Why does it contradicts it?
On
$\mathbb{R}\setminus\{q\}$ is open as $\{q\}$ is closed, and dense as $\{q\}$ is not isolated.
If $\mathbb{Q} =\cap_n U_n$, where all $U_n$ are open, $\mathbb{Q} \subset U_n$ for all $n$, so every $U_n$ is dense as it contains a dense set: $\mathbb{R} =\overline{\mathbb{Q}} \subset \overline{U_n} \subset \mathbb{R}$.
The intersection of all these (countably many, as $\mathbb{Q}$ is countable) dense open sets is empty, so far from dense. This contradicts Baireness of the reals, which follows either from its local compactness or it's metric completeness, depending on your taste or background.

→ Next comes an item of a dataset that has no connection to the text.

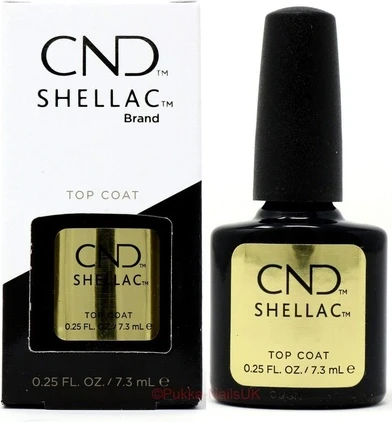 UV Завершающее покрытие CND Shellac Power Polish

Baire's theorem says that the intersection of countably many open sets with a certain property is never empty.
What is that property?
Do you see why the sets of the form $\mathbb{R}\setminus\{q\}$ and $U_i$ have this property? (HINT: the first is easy; for the second, what can you say about the sets $U_i$ and $\mathbb{Q}$?)
Side note: "$\mathbb{R}\setminus q$" is incorrect notation. "$A\setminus B$" only makes sense if $A, B$ are both sets.